ASSIGNMENT:
In the records below, find the line containing "Senior Man in Golden Light: An Oil Painting" and the line containing "FRIFUL Women Colorblock". Give again exactly those lines and every line between them, omitting the pictures.

PROVIDED ENTRIES:
*-*-*
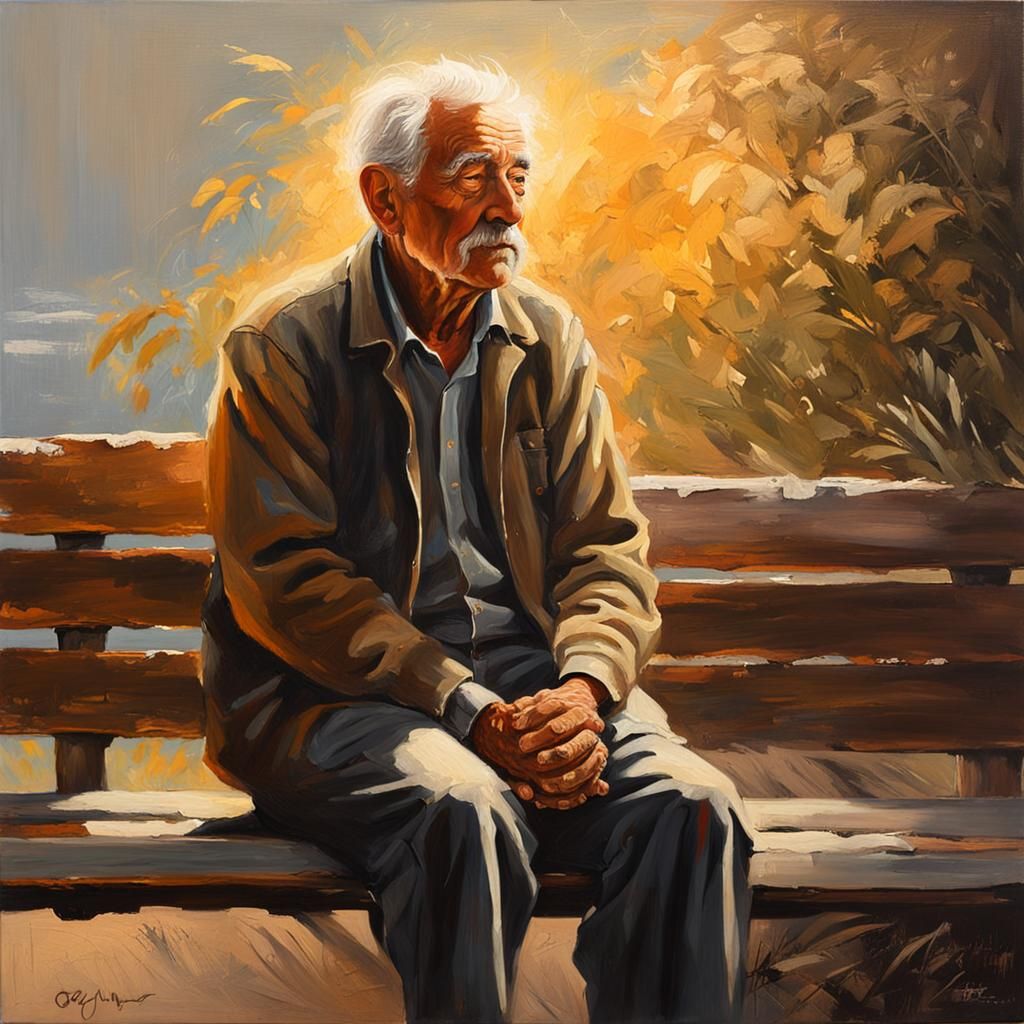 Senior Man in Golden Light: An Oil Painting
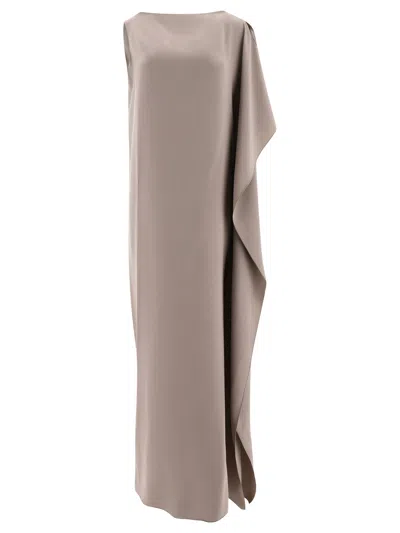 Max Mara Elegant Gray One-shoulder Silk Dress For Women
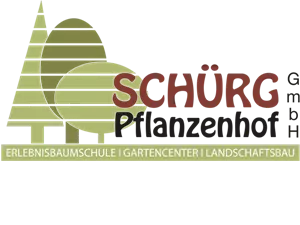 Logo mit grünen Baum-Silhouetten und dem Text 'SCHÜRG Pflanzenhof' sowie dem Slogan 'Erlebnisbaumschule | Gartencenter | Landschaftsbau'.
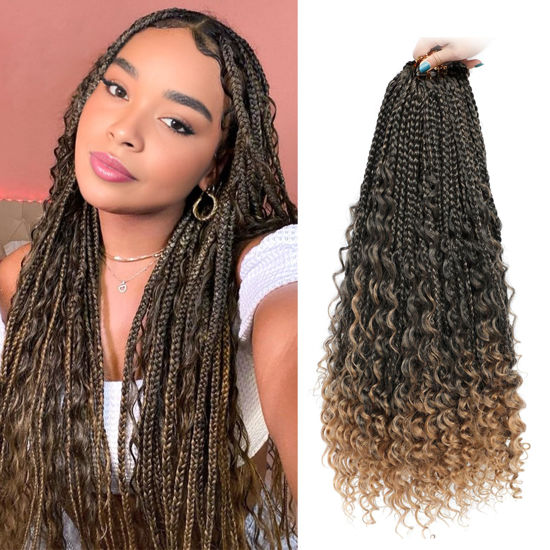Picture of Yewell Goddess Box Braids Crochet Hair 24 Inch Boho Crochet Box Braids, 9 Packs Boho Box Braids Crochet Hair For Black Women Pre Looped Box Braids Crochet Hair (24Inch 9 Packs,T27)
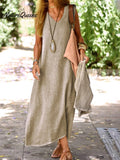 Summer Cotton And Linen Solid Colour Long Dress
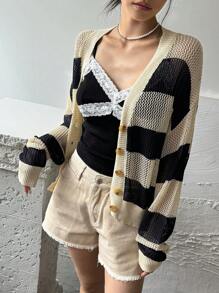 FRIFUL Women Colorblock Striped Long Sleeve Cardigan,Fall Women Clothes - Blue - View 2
*-*-*
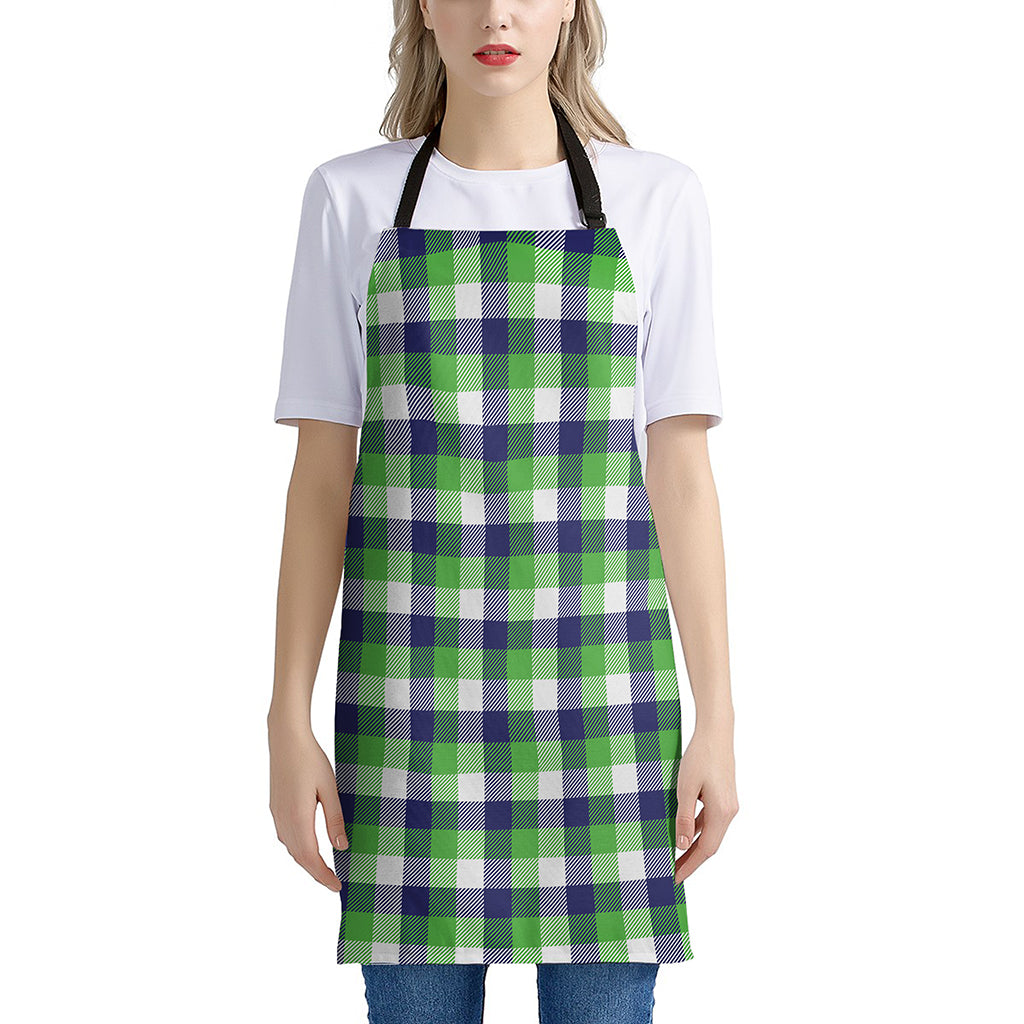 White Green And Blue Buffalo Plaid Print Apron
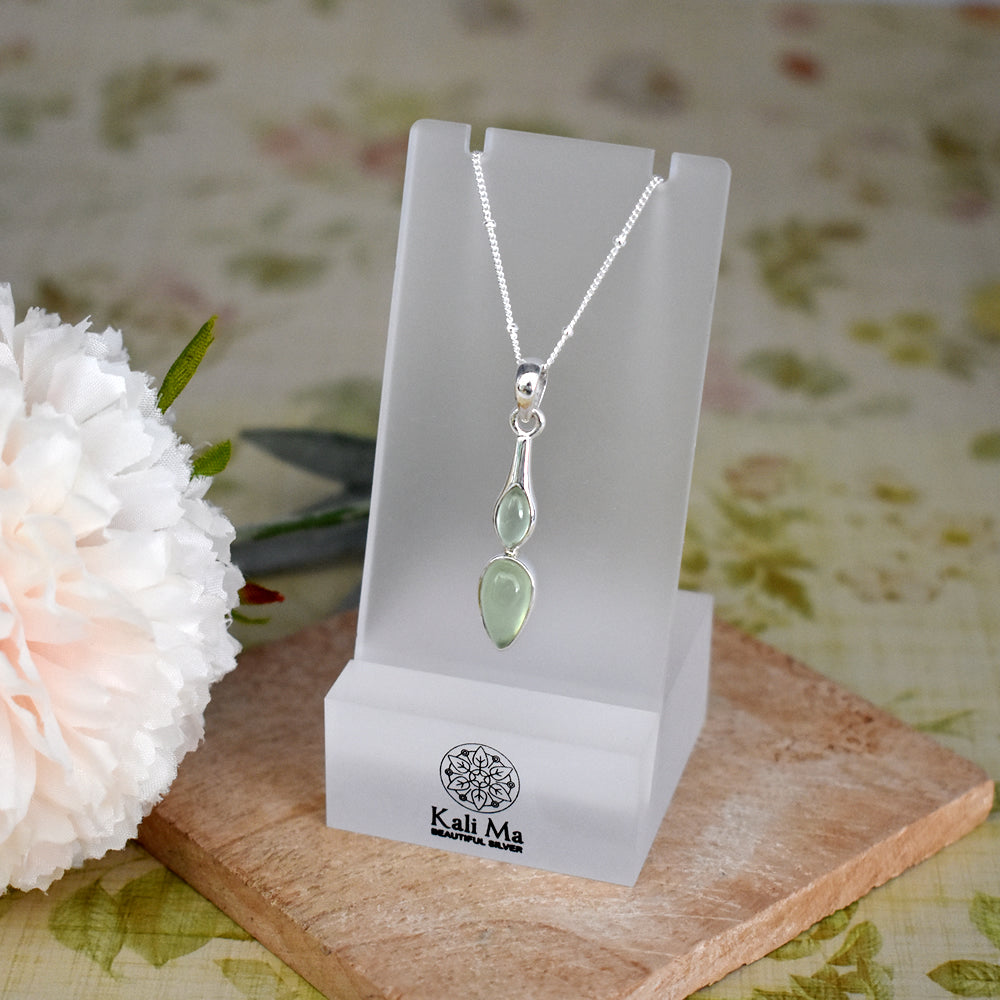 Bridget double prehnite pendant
*-*-*
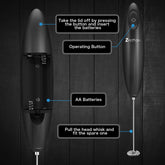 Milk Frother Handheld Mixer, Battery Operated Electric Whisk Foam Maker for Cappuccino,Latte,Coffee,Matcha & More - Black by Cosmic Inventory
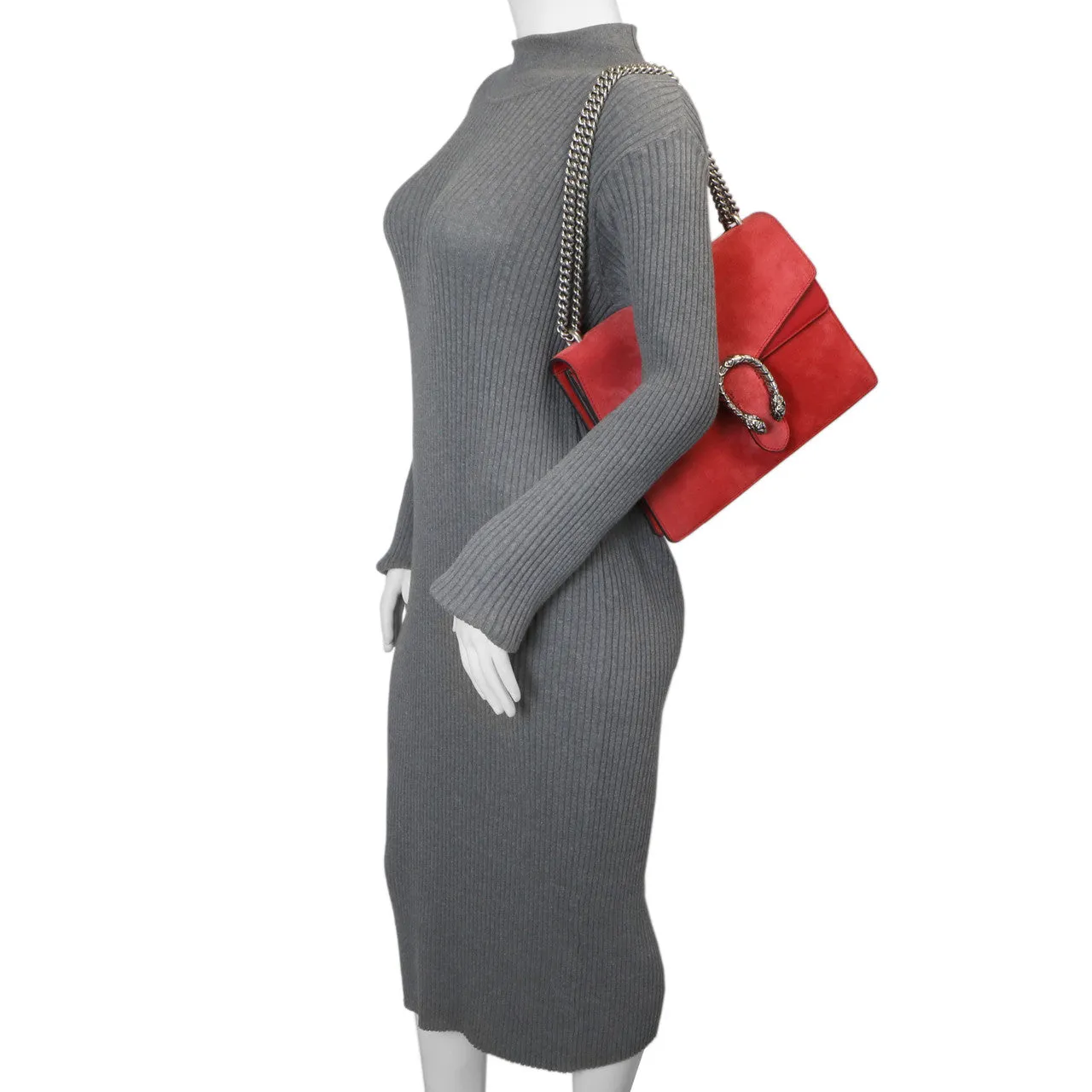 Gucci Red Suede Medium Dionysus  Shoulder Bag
*-*-*
SOLUTION FOR THIS TASK:
 Senior Man in Golden Light: An Oil Painting
 Max Mara Elegant Gray One-shoulder Silk Dress For Women
 Logo mit grünen Baum-Silhouetten und dem Text 'SCHÜRG Pflanzenhof' sowie dem Slogan 'Erlebnisbaumschule | Gartencenter | Landschaftsbau'.
Picture of Yewell Goddess Box Braids Crochet Hair 24 Inch Boho Crochet Box Braids, 9 Packs Boho Box Braids Crochet Hair For Black Women Pre Looped Box Braids Crochet Hair (24Inch 9 Packs,T27)
 Summer Cotton And Linen Solid Colour Long Dress
 FRIFUL Women Colorblock Striped Long Sleeve Cardigan,Fall Women Clothes - Blue - View 2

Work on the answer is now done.